**TASK DESCRIPTION**
Only the lines from the start of the data through the one containing "Factory for Sale" belong in your answer; return them exactly.

**RECORDS FOR THIS TASK**

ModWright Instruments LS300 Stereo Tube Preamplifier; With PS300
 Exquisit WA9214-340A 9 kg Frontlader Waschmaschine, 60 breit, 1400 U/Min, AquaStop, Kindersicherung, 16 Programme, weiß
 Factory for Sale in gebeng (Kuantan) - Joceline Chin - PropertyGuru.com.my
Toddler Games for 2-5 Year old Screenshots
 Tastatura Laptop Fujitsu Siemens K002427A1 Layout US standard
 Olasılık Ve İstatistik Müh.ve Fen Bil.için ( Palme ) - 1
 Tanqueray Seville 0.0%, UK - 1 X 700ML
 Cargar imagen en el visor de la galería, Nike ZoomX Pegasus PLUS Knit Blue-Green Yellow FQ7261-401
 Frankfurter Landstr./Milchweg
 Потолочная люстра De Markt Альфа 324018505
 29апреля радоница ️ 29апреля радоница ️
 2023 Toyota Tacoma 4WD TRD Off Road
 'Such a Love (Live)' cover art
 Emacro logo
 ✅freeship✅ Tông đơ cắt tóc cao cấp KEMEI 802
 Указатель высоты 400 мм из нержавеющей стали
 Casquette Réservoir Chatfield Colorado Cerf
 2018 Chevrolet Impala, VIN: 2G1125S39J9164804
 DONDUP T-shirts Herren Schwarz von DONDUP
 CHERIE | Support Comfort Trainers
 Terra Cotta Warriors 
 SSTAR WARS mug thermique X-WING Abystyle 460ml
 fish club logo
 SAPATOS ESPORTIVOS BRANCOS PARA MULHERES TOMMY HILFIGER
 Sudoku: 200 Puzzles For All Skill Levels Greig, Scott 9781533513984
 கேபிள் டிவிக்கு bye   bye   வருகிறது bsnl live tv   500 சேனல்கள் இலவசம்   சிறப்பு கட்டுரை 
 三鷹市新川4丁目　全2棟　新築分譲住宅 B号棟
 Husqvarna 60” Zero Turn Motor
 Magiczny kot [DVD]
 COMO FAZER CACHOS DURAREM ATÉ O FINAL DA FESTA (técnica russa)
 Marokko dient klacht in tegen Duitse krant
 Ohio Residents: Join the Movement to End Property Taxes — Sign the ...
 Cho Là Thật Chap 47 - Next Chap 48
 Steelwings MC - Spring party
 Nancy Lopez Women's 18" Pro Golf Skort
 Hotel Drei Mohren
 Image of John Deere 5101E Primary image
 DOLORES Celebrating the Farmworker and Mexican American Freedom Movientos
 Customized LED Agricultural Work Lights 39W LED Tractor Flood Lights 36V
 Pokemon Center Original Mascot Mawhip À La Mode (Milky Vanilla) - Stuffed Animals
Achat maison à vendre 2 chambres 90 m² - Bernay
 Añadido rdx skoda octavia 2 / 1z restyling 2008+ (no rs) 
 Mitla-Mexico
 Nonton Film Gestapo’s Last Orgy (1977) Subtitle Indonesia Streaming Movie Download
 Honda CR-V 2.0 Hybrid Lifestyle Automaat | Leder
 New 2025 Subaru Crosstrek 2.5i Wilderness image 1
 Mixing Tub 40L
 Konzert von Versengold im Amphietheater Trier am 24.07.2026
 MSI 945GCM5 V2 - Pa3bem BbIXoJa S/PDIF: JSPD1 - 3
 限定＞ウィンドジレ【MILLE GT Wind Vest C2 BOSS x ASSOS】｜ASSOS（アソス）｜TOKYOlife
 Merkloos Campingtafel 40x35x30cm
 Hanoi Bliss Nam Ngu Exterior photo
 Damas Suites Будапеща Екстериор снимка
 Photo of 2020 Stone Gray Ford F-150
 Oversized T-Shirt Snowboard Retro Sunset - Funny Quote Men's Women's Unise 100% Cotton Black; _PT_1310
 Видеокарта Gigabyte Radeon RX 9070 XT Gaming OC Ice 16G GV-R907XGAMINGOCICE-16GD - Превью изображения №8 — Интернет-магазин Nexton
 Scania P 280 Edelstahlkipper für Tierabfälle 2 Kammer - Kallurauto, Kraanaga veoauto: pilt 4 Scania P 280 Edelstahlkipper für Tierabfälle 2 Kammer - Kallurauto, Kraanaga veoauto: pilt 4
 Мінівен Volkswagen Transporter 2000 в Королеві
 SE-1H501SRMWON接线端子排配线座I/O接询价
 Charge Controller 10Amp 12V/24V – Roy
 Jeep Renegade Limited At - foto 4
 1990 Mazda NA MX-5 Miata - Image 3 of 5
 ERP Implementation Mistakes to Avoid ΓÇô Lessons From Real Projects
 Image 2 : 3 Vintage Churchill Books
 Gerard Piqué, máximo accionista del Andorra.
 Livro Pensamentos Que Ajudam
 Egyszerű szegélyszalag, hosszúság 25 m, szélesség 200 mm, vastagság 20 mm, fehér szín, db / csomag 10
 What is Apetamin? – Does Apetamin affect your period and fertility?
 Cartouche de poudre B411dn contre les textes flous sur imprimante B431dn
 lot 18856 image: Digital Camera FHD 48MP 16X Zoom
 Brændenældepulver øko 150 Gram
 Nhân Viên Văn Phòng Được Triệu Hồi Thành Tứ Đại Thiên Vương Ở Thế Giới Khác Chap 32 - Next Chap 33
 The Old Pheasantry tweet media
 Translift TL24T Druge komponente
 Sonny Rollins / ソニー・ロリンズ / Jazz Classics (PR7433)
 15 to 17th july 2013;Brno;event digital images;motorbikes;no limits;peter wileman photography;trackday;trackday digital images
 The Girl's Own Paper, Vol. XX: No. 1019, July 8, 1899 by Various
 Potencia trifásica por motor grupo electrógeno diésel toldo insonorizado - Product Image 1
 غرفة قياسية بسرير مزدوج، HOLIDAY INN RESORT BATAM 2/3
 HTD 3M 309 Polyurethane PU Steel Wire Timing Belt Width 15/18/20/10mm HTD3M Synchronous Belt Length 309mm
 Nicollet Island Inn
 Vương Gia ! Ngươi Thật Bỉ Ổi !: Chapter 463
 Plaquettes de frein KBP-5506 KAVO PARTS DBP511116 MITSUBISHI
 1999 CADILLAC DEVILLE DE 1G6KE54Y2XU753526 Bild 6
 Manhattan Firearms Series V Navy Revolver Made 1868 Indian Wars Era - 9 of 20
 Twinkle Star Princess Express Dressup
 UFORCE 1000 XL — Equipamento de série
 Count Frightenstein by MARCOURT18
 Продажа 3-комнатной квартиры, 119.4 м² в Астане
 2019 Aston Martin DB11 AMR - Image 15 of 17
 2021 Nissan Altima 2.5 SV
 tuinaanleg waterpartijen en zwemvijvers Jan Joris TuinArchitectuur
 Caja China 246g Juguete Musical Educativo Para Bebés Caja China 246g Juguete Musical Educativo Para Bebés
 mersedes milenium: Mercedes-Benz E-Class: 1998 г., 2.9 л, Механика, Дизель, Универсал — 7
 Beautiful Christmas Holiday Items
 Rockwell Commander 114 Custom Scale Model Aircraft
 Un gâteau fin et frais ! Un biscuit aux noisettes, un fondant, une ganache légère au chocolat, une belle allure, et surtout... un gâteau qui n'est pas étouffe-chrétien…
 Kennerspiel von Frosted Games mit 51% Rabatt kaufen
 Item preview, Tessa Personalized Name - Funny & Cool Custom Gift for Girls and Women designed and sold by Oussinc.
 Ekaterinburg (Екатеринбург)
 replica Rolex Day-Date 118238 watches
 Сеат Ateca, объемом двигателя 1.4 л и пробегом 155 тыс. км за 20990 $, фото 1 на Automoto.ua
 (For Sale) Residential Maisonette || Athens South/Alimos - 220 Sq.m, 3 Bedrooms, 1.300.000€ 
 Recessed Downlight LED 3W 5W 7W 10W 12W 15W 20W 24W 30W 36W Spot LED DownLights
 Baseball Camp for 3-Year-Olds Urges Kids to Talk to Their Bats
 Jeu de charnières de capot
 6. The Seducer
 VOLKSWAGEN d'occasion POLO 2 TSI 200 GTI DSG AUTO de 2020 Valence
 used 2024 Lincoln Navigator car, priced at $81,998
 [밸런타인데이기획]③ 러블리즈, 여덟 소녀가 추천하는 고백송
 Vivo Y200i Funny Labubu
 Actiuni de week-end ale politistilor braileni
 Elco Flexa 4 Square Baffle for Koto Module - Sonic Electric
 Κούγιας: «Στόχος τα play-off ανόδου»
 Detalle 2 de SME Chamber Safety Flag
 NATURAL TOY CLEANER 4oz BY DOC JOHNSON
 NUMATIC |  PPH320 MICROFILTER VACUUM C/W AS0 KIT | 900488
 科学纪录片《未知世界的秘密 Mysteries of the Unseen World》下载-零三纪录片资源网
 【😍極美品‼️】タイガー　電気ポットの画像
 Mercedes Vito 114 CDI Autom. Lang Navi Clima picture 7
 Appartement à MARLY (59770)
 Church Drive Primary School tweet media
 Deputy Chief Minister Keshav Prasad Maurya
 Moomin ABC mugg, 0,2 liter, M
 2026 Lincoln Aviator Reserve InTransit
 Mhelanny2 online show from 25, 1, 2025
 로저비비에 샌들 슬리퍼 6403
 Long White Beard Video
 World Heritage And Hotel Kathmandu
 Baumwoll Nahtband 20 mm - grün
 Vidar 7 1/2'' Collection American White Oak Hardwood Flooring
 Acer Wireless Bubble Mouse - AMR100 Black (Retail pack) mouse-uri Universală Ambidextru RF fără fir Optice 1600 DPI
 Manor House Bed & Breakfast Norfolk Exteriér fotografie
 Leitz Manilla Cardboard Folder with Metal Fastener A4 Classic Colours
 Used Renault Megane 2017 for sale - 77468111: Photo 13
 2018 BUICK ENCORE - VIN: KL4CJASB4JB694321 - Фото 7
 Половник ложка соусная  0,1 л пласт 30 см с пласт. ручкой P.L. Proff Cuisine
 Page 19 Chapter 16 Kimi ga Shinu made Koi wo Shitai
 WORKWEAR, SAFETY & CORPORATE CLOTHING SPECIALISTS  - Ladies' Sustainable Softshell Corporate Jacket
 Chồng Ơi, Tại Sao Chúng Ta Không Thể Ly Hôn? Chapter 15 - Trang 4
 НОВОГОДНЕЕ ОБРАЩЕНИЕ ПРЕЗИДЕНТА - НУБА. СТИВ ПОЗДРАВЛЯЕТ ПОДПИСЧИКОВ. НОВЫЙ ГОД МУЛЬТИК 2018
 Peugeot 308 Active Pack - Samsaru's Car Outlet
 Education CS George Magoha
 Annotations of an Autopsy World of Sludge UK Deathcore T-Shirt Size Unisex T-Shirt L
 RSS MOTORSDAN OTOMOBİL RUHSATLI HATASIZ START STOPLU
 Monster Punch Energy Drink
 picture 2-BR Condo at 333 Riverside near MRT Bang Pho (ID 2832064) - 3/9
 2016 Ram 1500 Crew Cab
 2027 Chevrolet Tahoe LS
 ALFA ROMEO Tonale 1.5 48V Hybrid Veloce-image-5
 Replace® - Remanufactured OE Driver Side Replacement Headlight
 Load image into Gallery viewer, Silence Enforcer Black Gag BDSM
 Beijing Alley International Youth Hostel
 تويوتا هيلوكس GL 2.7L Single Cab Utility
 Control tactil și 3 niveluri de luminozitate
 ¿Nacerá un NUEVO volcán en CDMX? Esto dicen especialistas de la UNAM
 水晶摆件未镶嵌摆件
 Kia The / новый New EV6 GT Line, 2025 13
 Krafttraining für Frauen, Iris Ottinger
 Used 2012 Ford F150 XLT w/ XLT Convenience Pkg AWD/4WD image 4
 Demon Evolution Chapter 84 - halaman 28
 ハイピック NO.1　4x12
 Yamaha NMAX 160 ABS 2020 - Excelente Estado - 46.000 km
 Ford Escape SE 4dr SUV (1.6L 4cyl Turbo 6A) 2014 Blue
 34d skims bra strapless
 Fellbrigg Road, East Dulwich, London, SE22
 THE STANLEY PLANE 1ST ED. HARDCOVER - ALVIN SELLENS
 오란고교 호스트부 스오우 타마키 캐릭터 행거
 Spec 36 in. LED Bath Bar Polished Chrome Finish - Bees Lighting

**SOLUTION BELOW**
ModWright Instruments LS300 Stereo Tube Preamplifier; With PS300
 Exquisit WA9214-340A 9 kg Frontlader Waschmaschine, 60 breit, 1400 U/Min, AquaStop, Kindersicherung, 16 Programme, weiß
 Factory for Sale in gebeng (Kuantan) - Joceline Chin - PropertyGuru.com.my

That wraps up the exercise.